Reefbrites LED is my choice.


----------



## mmatt (Feb 12, 2012)

notclear said:


> Reefbrites LED is my choice.


And you use that as a secondary source?


----------



## fesso clown (Nov 15, 2011)

I would suggest the exact same ting. Stick with your T5HO and add a Reefbrite XHOBule/royal blue strip or something similar to supplement. Have a look at Matt Dean's thread. POst number 31 here:
http://gtaaquaria.com/forum/showthread.php?t=20182&highlight=matt+dean's&page=4


----------



## notclear (Nov 5, 2011)

mmatt said:


> And you use that as a secondary source?


Yes, I have two regulars, one at the back and one in the front to supplement the Vertex Illumina.


----------



## mmatt (Feb 12, 2012)

fesso clown said:


> I would suggest the exact same ting. Stick with your T5HO and add a Reefbrite XHOBule/royal blue strip or something similar to supplement. Have a look at Matt Dean's thread. POst number 31 here:
> http://gtaaquaria.com/forum/showthread.php?t=20182&highlight=matt+dean's&page=4


That looks amazing. Wow. After a little research it's a little more then I would like to sped at the moment. Unless I can find one used.

Anyone have experience with this light?

http://www.drsfostersmith.com/product/prod_display.cfm?pcatid=24015


----------



## fesso clown (Nov 15, 2011)

*Diy ftw!*

You cab easily make your own. There are numerous threads on many different forums on how. I am not sure what the best place to order the LEDs from these days but when I made mine a few years ago I used a Rapid LED KIt. 
http://www.rapidled.com/dimmable-actinic-supplement-kits/

Google DIY LED supplement Reef.

https://www.google.ca/search?q=DIY+LED+supplement+Reef&oq=DIY+LED+supplement+Reef&aqs=chrome..69i57.478j0j4&sourceid=chrome&es_sm=119&ie=UTF-8


----------



## nc208082 (Jun 27, 2013)

Buildmyled.com is one of the top companies right now for supplemental led lighting. You can choose custom spectrum or their pre done strips.


----------



## mmatt (Feb 12, 2012)

fesso clown said:


> You cab easily make your own. There are numerous threads on many different forums on how.

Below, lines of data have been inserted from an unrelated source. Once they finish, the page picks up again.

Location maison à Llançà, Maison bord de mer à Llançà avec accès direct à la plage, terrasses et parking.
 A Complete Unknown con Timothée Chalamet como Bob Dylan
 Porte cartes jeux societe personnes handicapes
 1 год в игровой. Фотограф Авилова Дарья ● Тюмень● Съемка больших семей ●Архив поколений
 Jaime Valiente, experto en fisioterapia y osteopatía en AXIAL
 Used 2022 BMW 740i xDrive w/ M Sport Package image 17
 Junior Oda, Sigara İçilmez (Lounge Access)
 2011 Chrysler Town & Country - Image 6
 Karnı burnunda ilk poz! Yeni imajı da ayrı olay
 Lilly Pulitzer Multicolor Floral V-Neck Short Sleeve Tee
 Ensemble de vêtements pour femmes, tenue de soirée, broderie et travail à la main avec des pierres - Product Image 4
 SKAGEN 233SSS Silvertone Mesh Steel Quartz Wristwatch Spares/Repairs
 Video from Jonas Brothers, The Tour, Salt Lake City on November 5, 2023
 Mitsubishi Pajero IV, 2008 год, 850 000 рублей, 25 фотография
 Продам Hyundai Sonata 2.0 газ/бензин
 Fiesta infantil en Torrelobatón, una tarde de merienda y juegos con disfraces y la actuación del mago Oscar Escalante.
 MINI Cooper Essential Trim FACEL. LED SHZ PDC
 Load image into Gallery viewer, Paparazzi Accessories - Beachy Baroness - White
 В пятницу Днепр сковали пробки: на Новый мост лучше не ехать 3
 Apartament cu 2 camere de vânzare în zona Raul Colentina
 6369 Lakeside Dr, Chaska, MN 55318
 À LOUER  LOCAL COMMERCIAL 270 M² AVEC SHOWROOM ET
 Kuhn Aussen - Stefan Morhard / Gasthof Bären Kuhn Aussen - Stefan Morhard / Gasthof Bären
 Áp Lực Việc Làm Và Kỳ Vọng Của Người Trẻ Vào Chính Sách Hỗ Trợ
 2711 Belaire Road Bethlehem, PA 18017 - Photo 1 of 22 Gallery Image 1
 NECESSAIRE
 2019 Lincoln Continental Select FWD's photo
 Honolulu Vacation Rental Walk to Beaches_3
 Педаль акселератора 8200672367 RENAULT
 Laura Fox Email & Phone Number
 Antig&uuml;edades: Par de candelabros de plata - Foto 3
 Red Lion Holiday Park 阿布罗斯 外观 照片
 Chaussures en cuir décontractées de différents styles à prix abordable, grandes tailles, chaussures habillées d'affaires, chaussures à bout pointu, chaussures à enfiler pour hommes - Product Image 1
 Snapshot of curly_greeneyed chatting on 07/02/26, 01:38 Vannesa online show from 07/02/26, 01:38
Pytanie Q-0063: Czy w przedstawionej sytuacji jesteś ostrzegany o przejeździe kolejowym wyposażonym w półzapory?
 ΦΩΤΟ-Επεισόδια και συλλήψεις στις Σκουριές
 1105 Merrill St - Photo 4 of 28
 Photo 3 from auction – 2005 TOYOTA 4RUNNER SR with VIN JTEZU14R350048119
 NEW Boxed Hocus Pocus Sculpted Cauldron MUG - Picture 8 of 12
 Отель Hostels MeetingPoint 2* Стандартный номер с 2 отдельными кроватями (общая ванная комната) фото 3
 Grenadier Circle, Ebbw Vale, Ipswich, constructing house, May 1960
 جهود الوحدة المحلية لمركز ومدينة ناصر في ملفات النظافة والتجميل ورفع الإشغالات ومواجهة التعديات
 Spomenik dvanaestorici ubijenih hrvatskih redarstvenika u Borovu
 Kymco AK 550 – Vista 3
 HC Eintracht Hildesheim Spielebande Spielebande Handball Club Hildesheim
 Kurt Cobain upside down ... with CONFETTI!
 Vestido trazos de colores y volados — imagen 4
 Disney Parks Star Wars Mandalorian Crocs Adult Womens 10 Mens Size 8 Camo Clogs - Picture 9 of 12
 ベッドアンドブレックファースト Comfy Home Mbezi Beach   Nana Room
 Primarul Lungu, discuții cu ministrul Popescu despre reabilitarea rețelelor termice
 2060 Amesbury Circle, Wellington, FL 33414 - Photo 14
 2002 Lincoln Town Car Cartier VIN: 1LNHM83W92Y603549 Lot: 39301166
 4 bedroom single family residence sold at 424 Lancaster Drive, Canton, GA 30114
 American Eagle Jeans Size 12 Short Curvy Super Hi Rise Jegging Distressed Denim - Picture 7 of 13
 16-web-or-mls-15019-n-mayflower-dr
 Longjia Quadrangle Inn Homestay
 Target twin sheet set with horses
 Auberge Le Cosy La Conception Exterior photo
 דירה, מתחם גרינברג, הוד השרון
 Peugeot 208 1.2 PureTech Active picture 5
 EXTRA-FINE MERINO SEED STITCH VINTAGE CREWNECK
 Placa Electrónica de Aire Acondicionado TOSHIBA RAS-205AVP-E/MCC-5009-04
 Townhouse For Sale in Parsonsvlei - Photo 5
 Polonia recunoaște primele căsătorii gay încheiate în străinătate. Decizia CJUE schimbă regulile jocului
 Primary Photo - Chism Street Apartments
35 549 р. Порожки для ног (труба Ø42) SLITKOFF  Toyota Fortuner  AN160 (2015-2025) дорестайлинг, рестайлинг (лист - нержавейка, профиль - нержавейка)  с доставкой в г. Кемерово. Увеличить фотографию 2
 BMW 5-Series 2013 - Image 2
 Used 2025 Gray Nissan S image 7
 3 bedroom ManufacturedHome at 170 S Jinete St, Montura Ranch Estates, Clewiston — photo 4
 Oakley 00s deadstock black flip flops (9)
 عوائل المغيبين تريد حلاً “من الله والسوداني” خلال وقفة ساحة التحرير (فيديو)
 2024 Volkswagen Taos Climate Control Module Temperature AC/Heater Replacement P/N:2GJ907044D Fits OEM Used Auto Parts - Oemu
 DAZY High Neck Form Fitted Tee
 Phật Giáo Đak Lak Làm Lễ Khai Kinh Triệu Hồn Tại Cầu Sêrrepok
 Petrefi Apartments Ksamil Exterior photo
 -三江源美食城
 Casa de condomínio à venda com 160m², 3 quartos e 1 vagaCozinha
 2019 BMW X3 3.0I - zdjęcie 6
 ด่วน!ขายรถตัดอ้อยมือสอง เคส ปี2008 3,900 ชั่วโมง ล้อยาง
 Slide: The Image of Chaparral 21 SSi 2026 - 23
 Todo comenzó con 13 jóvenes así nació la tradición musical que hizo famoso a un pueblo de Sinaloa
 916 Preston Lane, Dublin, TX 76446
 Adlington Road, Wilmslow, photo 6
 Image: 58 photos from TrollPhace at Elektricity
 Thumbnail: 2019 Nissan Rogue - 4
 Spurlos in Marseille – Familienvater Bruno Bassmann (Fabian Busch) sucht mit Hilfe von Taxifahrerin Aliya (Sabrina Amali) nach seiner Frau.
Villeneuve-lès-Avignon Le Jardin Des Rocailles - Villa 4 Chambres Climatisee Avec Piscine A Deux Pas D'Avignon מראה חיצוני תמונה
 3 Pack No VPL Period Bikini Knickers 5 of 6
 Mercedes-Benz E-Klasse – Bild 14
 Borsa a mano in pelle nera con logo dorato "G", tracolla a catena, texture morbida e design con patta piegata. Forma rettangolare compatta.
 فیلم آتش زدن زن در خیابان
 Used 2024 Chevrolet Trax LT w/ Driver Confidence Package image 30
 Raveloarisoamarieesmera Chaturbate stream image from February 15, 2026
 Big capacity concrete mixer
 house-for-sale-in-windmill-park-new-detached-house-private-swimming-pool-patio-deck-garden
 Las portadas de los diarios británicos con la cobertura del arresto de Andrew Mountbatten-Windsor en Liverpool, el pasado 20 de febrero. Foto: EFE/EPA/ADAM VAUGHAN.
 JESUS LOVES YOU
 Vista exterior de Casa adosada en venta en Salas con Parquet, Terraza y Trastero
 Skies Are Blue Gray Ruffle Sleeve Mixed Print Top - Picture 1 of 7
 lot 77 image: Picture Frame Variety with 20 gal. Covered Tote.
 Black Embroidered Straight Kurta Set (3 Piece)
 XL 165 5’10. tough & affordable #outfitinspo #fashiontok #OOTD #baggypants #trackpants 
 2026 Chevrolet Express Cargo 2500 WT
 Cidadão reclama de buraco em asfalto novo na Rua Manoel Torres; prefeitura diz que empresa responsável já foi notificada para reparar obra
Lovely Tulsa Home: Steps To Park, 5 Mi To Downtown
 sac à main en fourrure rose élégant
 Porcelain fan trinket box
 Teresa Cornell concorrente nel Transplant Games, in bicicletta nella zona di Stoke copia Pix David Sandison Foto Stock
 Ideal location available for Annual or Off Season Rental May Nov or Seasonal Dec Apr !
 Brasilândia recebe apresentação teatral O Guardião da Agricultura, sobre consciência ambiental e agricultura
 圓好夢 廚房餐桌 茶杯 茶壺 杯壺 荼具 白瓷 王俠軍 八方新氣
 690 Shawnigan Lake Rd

I am not sure what the best place to order the LEDs from these days but when I made mine a few years ago I used a Rapid LED KIt.
> http://www.rapidled.com/dimmable-actinic-supplement-kits/
> 
> Google DIY LED supplement Reef.
> ...


As much as I would totally consider building my own I have to come up with a Christmas gift or two. At this time of year I get in trouble for just going out and buying things. Lol. That's a habit of mine. Lol.


----------